Os ossos dos animais, analisados por uma equipa liderada pela Universidade Hebraica de Jerusalém, mostraram diferenças nas marcas de corte utilizadas para cortar as presas, noticiou na quinta-feira a agência Efe.
Os investigadores acreditam que estas diferenças não podem ser explicadas pela utilização de diferentes recursos, ferramentas ou níveis de competências, sugerindo que as práticas culturais podem ser a resposta.
As grutas ficam a cerca de 70 quilómetros de distância, e ambos os grupos usavam as mesmas ferramentas de sílex e comiam as mesmas presas, principalmente gazelas e gamos. No entanto, existem algumas diferenças subtis entre os dois.
Os neandertais de Kebara parecem ter caçado mais presas de grande porte do que os de Amud, e traziam frequentemente as presas de volta para a gruta para serem abatidas, em vez de para o local onde o animal era morto.
Em Amud, 40% dos ossos de animais estão queimados, e a maioria está fragmentada. Isto pode dever-se a ações deliberadas, como a cozedura, ou a danos acidentais subsequentes. Em Kebara, 9% estão queimados, mas menos fragmentados, e pensa-se que foram cozinhados.
Para investigar as diferenças entre a preparação dos alimentos em Kebara e Amud, os cientistas selecionaram uma amostra de ossos com marcas de corte de camadas contemporâneas nos dois locais.
Os ossos selecionados foram examinados macroscopicamente e microscopicamente, e as diferentes características das marcas de corte foram registadas.
Os padrões semelhantes das marcas podem não sugerir diferenças nas práticas de corte, mas, se fossem distintos, apontariam para tradições culturais diferentes.
As marcas de corte estavam claras, intactas e, em grande parte, não afetadas por danos subsequentes causados por carnívoros ou pela dessecação dos ossos.
Embora os perfis, ângulos e largura das superfícies de corte fossem semelhantes, provavelmente porque os dois grupos possuíam ferramentas semelhantes, as marcas encontradas em Amud eram mais densas e menos lineares do que as de Kebara.
Estes padrões de corte não podiam ser explicados por um abate mais intensivo para obter uma maior quantidade de alimento ou pelo trabalho de um indivíduo menos hábil, mas podiam ser consequência de decisões deliberadas tomadas por cada grupo.

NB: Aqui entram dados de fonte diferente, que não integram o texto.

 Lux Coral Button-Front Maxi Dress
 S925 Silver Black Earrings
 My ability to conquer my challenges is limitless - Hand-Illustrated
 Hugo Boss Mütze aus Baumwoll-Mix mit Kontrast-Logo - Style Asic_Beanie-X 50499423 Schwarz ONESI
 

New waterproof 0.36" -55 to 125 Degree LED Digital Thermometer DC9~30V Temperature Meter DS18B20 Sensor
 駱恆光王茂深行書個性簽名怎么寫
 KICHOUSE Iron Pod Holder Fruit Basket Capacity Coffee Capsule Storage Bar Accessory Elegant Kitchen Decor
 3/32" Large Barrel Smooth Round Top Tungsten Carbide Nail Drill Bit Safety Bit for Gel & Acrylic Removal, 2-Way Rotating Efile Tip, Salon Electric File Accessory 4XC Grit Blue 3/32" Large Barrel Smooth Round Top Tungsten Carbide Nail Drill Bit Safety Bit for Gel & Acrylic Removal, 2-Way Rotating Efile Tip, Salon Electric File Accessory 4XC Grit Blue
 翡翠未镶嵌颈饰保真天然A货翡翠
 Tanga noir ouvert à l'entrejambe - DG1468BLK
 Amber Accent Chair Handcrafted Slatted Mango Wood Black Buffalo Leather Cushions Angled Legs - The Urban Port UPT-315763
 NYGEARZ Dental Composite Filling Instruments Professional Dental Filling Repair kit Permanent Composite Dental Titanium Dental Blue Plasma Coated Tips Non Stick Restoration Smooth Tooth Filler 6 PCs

"As diferenças subtis nos padrões das marcas de corte entre Amud e Kebara podem refletir as tradições locais de processamento de carcaças de animais", apontou Anaëlle Jallon, da Universidade Hebraica de Jerusalém e uma das autoras do artigo, citada num comunicado.
Estes dois locais oferecem uma oportunidade única, segundo a investigadora, para explorar se as técnicas de corte praticadas pelos neandertais eram padronizadas.
Se variassem entre sítios ou períodos de tempo, "isso implicaria que fatores como tradições culturais, preferências culinárias ou organização social influenciassem até atividades de subsistência, como o abate de carne", considerou ela.